- [Data section]
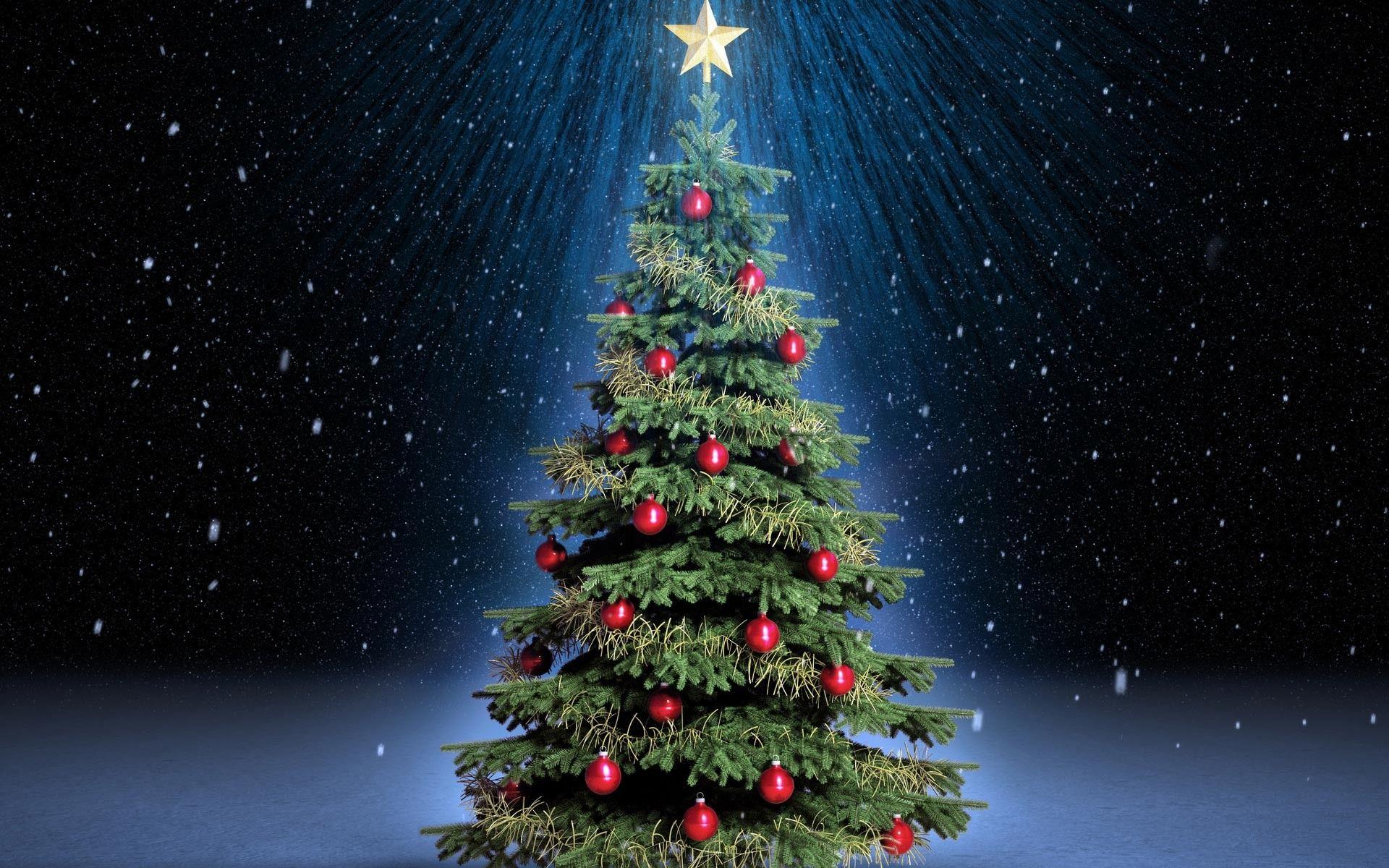 1920x1200 Christmas Tree Desktop Background
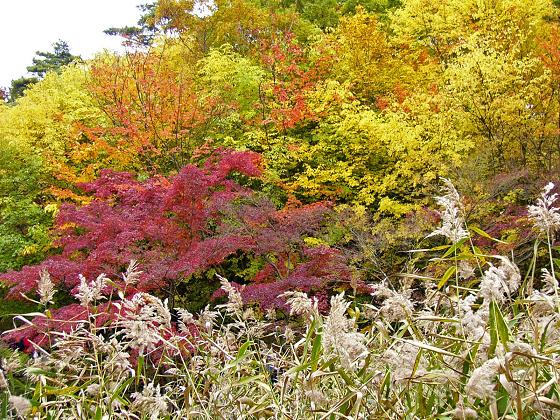 神戸市立森林植物園:長谷池周辺の紅葉 ~ここ数日がピーク~_b0063958_18322564.jpg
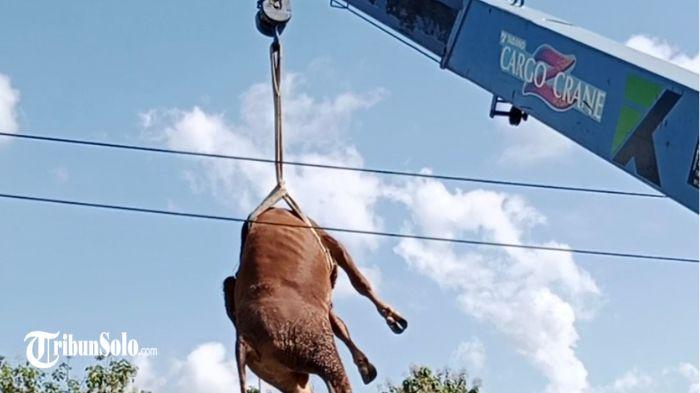 Sapi lepas dilakukan penyembelihan ditempat, kemudian diangkat crane 2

- [Task prompt] Retype all the data exactly, please, without pictures.

- [Answer to the problem]
 1920x1200 Christmas Tree Desktop Background
 神戸市立森林植物園:長谷池周辺の紅葉 ~ここ数日がピーク~_b0063958_18322564.jpg
 Sapi lepas dilakukan penyembelihan ditempat, kemudian diangkat crane 2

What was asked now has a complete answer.